The Company is taking immediate action to correct both the pricing and cost
issues, but given the seasonal nature of our business, we expect the fourth
quarter to continue the current negative trend.

Selling, general and administrative expense for the third quarter ended October
31, 2000 increased by $1,265,000 as compared to the same period last year. For
the nine months ended October 31, 2000, selling, general and administrative
expense increased by $7,580,000 as compared to the same period last year. The
increase for the third quarter and for the nine months ended October 31, 2000
was attributable to increased shipping and warehousing costs, increased
depreciation expense, increased retirement expense and offset slightly by
decreased product liability costs and decreased professional and contract
services. The Company also incurred additional costs such as increased customer
service representatives and installation staff in order to provide enhanced
levels of customer service and on-time delivery.

Interest expense increased by $985,000 for the quarter ended October 31, 2000 as
compared to the same period last year. For the nine months ended October 31,
2000, interest expense increased by $2,442,000 as compared to the same period
last year. The increase in interest expense was attributable to a higher average
borrowing balance as a result of increased capital spending on the Conway,
Arkansas facility, increased capital investment on the SAP Enterprise Resource
Planning System and increased cash used to build inventory for summer delivery.




                                       11
<PAGE>   12
Other income increased by $4,052,000 for quarter and the nine months ended
October 31, 2000 as compared to the same period last year. The increase was
attributable to the Company entered into a confidential settlement of a dispute
involving past services related to the installation of non-manufacturing
equipment for which the Company received a final cash payment in November 2000.
This payment is a non-recurring amount unrelated to the Company's ongoing
operations.

Financial Condition:

As a result of seasonally high shipments and a settlement of a dispute discussed
above, accounts and notes receivable increased by approximately $17,642,000 and
inventory decreased by $5,895,000 compared to year-end.

Capital spending for the nine months ended October 31, 2000 was $18,331,000
compared to $26,343,000 for the same period last year.
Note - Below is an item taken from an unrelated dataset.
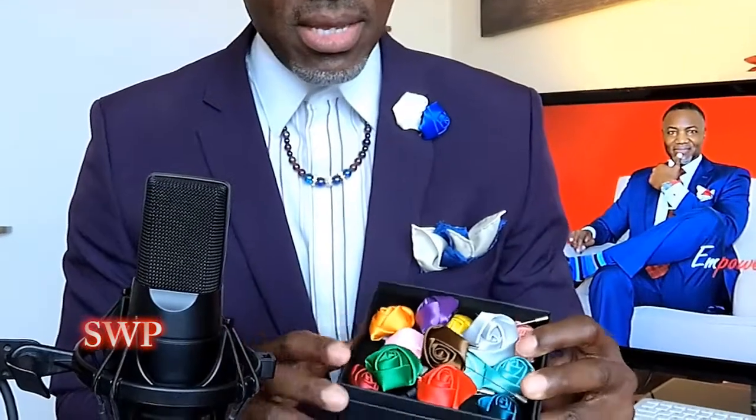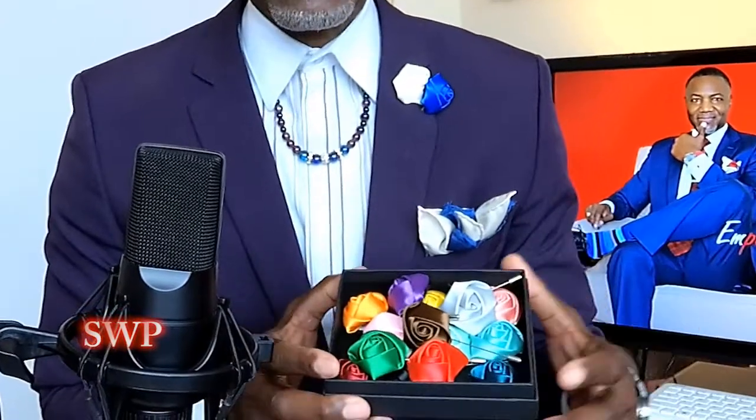Go out and get yourself a nice lapel flower pin. I actually went out and bought a whole box of them. These are them — great colors: red, green, brown, purple, the royal color I'm wearing now, pink, rust. All of them came in this one box, so it's fantastic.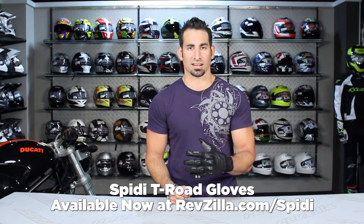Hey, this is Anthony with RevZilla TV, where you can watch, decide and ride. Welcome to our detailed breakdown of the Speedy T-Road short cuff glove available at RevZilla.com.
For the nine months ended
October 31, 2000, capital investments included machinery and equipment and
construction of the second 400,000 sq. ft. segment of the 800,000 sq. ft.
warehouse and distribution facility in Conway, Arkansas. As discussed in the
Company's 1999 annual report, construction on the first 400,000 sq. ft. segment
began in March 1999 and was completed and fully operational in December 1999.
The second 400,000 sq. ft. segment is in operation as of July 31, 2000. Higher
capital spending for the same period in last year was primarily related to the
Conway, Arkansas facility expansion and SAP project. The Company believes that
its investments in infrastructure and information systems will ultimately
deliver improved operating efficiency. For further discussions on these two
projects, please refer to the Company's 1999 annual report. These capital
investments and the ongoing capital expenditures are being financed through
credit facilities established with Wells Fargo Bank, the sale of real estate,
and operating cash flow. On July 1, 2000, the credit facility with Wells Fargo
Bank was expanded to $90,000,000 from $80,000,000. The maximum principal amount
available under this note was reduced by $10,000,000 on September 30, 2000 and
shall be reduced automatically on January 1, 2001 and January 1, 2002, by the
amount of $10,000,000. At October 31, 2000, the Company has approximately
$28,407,000 available under its credit facility with Wells Fargo Bank.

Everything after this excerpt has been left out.